LISTED RECORDS
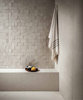 Picture of Kronos Ceramiche - Terra Crea 6 x 6 Calce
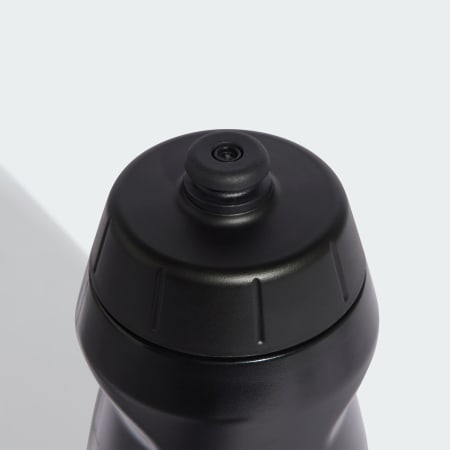 Tiro Bottle 0.5L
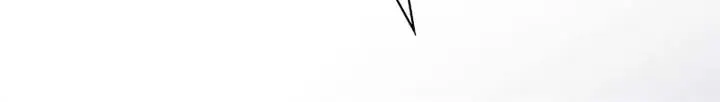image-komik-i-have-an-sss-rank-trait-but-i-want-a-normal-life-chapter-37-16/35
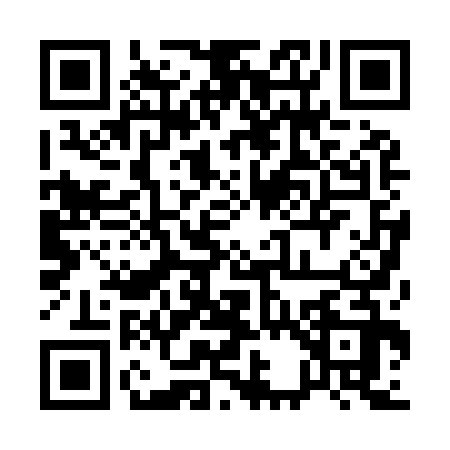 QR code for 1309320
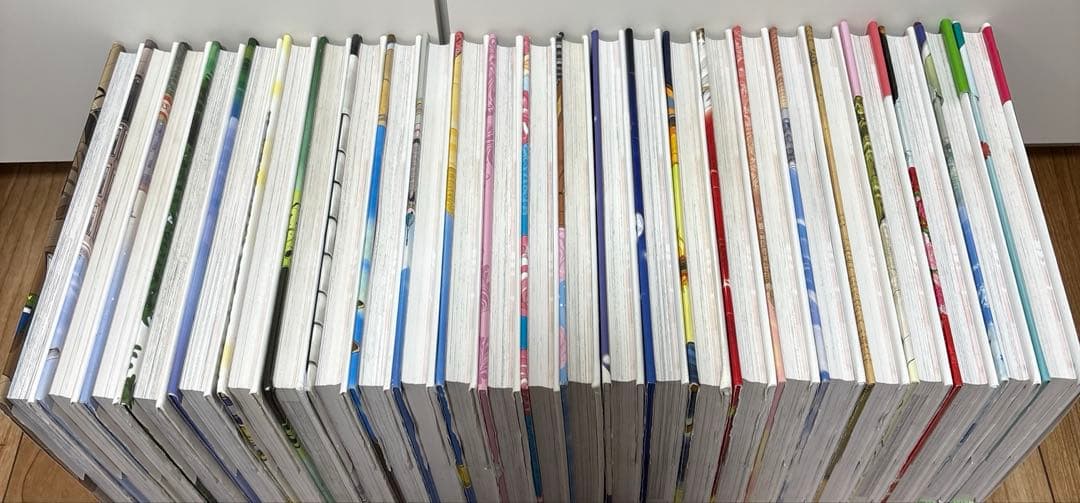 コミック版　世界の伝記　ポプラ社　25冊セット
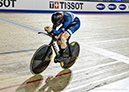 2023 National Track Championships
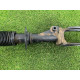 Амортизатор (подвеска) Volkswagen Touareg NF 2011 3.6 7P6413031AJ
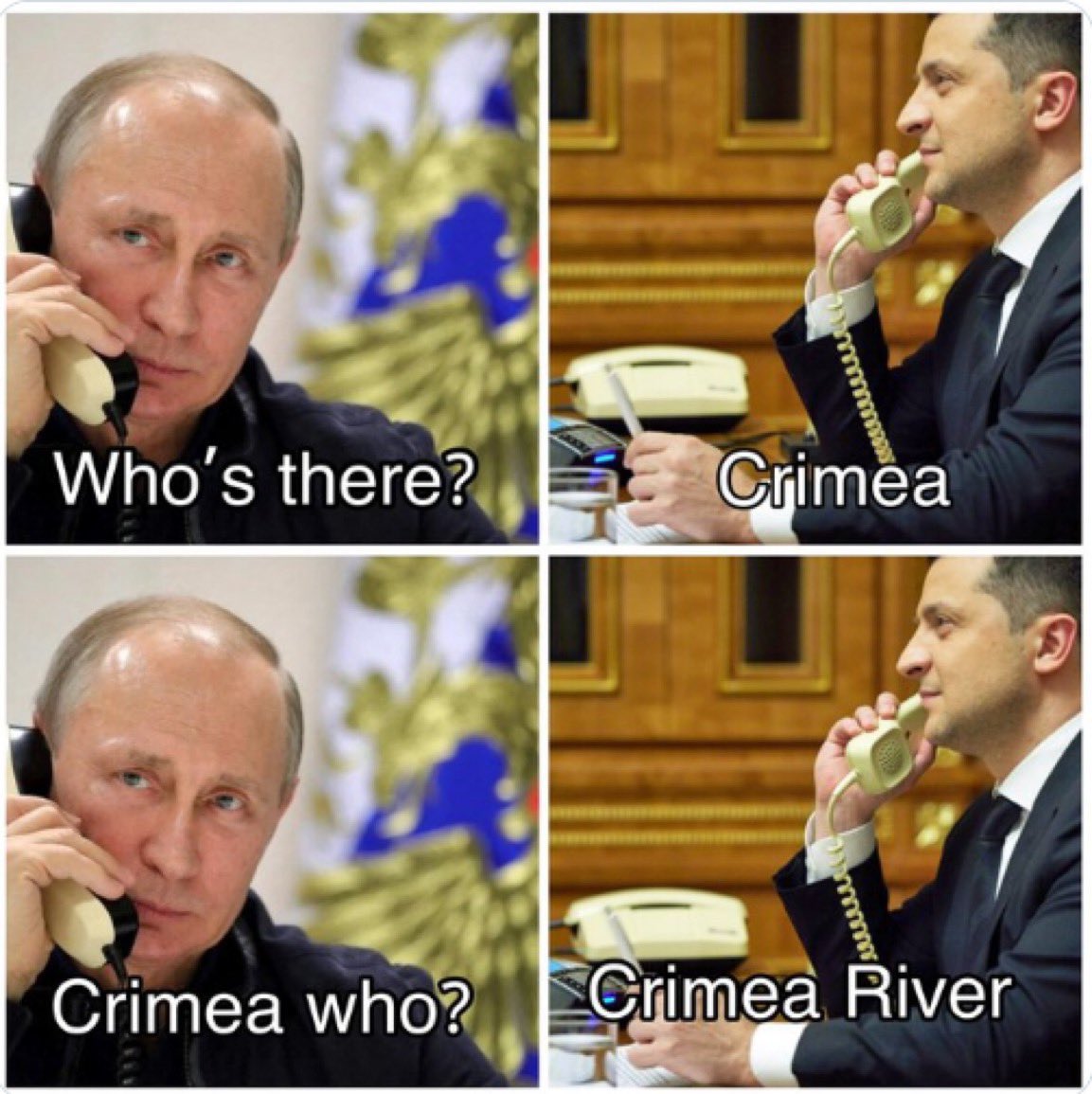 AihuaJian's tweet photo. @OleksiyDanilov https://t.co/WaMo3ZOO9S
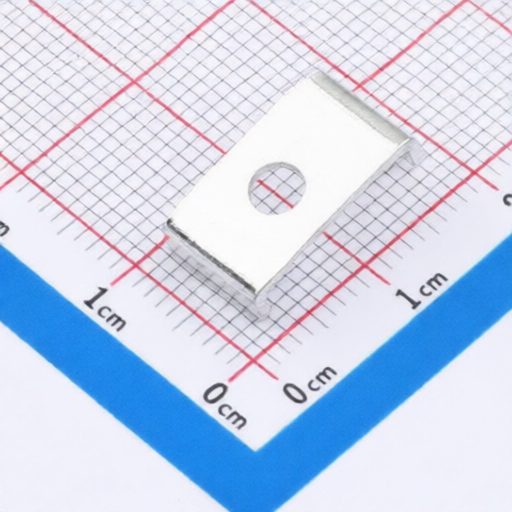 SAMZO G350-01-8T for sale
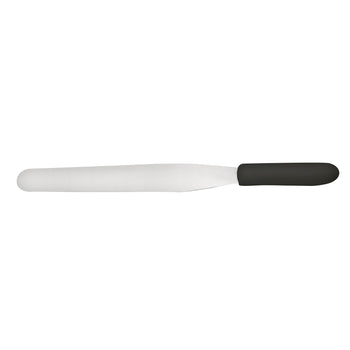 Winco TKPS-9 Spatula Baker's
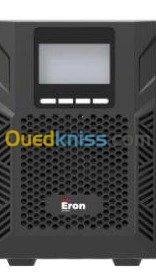 onduleur On-line 2KVA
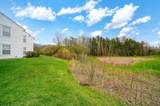 2738 Knightsbridge Circle - Photo 34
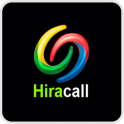 Hira Call v1.4.1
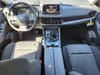 12 thumbnail image of  2026 Nissan Rogue SV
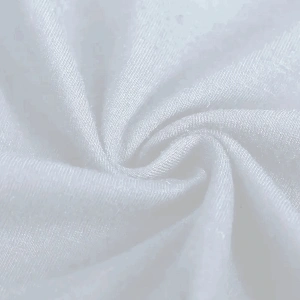 Gym Tank Top Fitness Sporcu Atleti GYM69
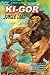 Ki-Gor: Jungle Lord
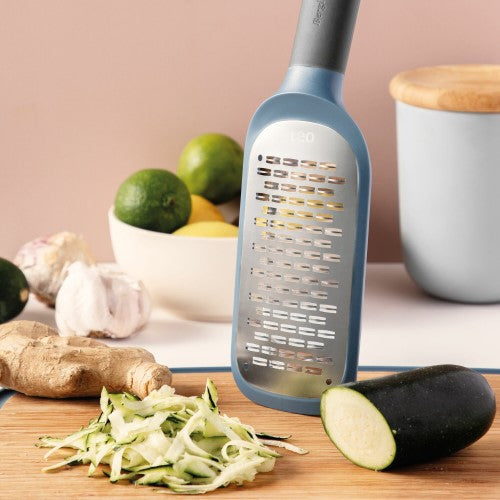Paddle Grater - Berghoff Double Sided Ribbon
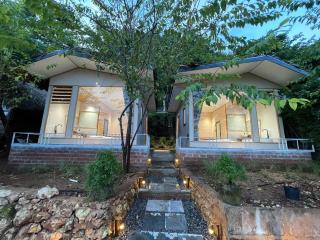 Flourish Homestay - Mộc Châu - 0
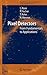 Pixel Detectors: From Fundamentals to Applications (Particle Acceleration and Detection)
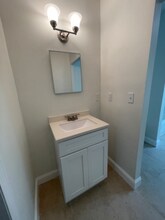 549 Ash St-Unit -1 in Windham, CT - Building Photo - Building Photo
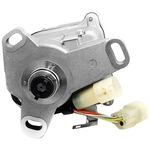 Order SKP - SKDITD03 - Ignition Distributor For Your Vehicle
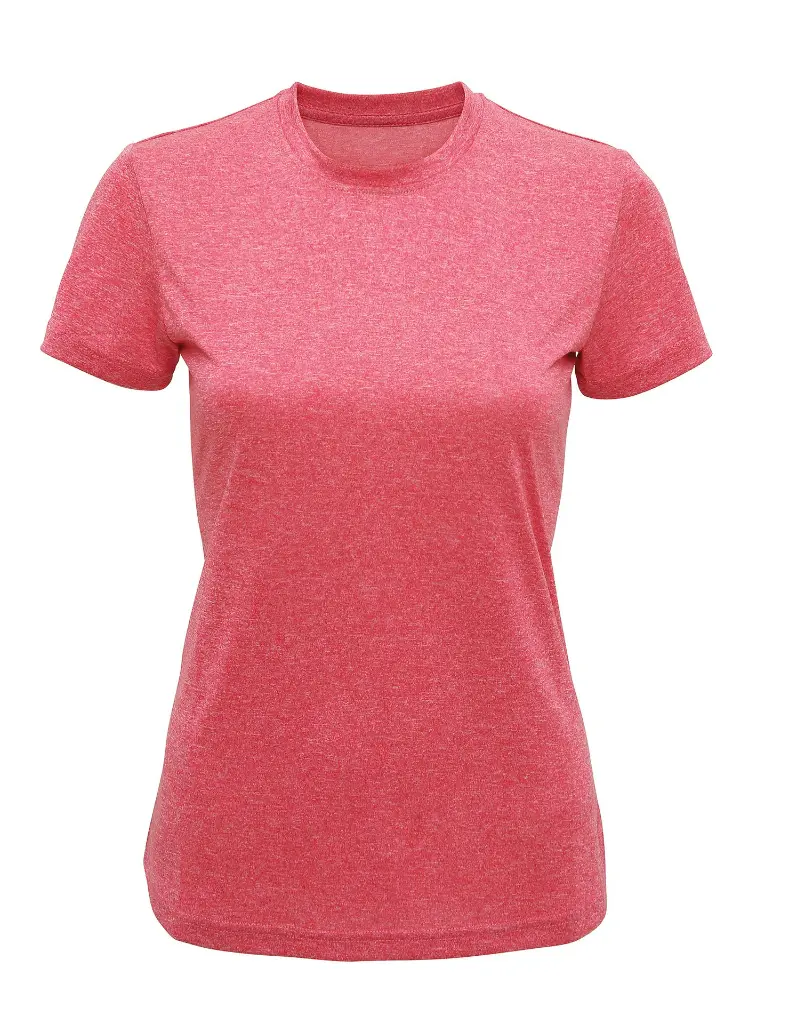 TR020_18_PINKMELANGE.webp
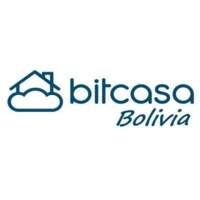 Bitcasa Bolivia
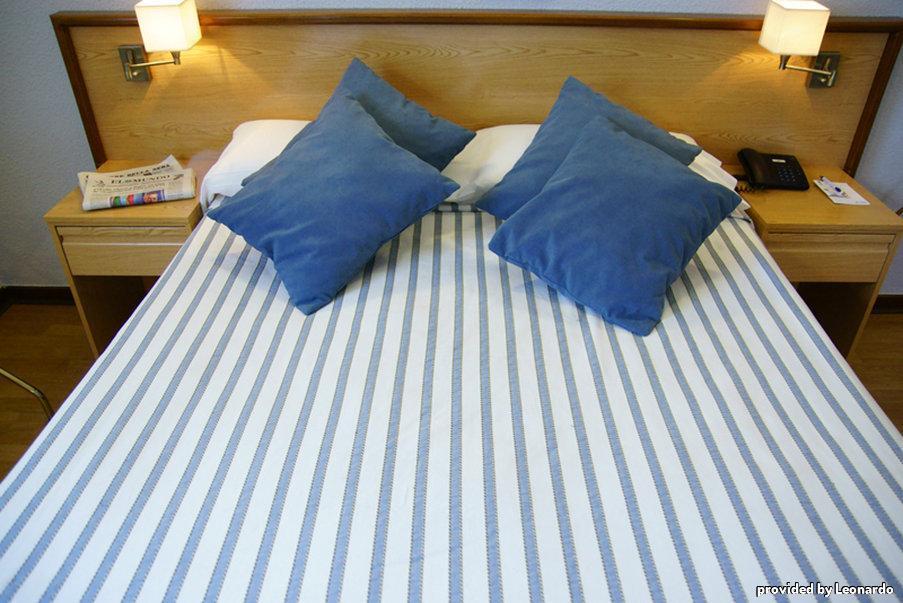 Hotel Condes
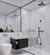 Additional image 16 of Wetherby House, Northwood HA6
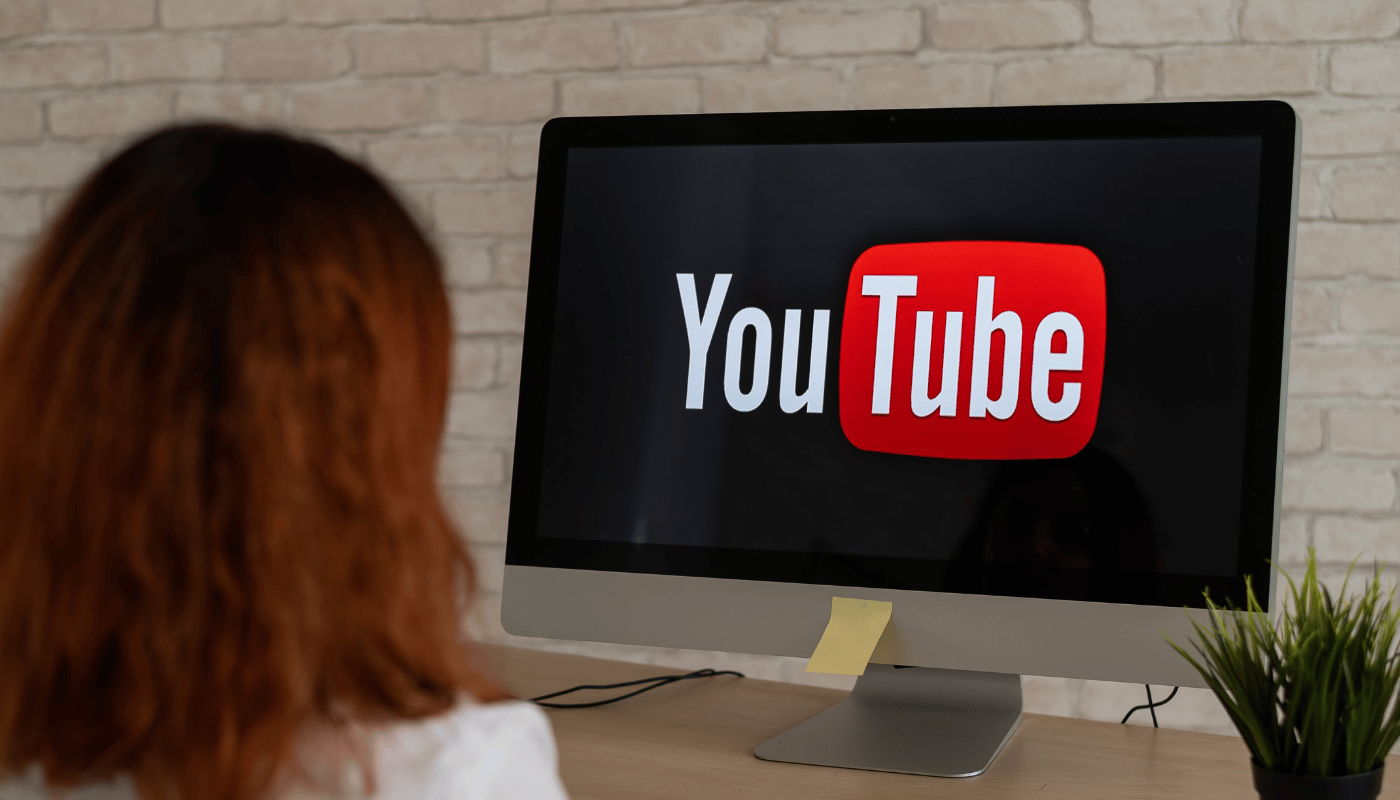 Maximize Your Viewing: How Many Devices YouTube TV Supports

WHAT IS EXPECTED
Exact copy required, pictures excluded: the lines from the one holding "2023 National Track Championships" through the last line of the data, both ends included.

SOLUTION TO THE PROBLEM
 2023 National Track Championships
 Амортизатор (подвеска) Volkswagen Touareg NF 2011 3.6 7P6413031AJ
 AihuaJian's tweet photo. @OleksiyDanilov https://t.co/WaMo3ZOO9S
 SAMZO G350-01-8T for sale
 Winco TKPS-9 Spatula Baker's
 onduleur On-line 2KVA
 2738 Knightsbridge Circle - Photo 34
 Hira Call v1.4.1
 12 thumbnail image of  2026 Nissan Rogue SV
 Gym Tank Top Fitness Sporcu Atleti GYM69
 Ki-Gor: Jungle Lord
Paddle Grater - Berghoff Double Sided Ribbon
 Flourish Homestay - Mộc Châu - 0
 Pixel Detectors: From Fundamentals to Applications (Particle Acceleration and Detection)
 549 Ash St-Unit -1 in Windham, CT - Building Photo - Building Photo
 Order SKP - SKDITD03 - Ignition Distributor For Your Vehicle
 TR020_18_PINKMELANGE.webp
 Bitcasa Bolivia
 Hotel Condes
 Additional image 16 of Wetherby House, Northwood HA6
 Maximize Your Viewing: How Many Devices YouTube TV Supports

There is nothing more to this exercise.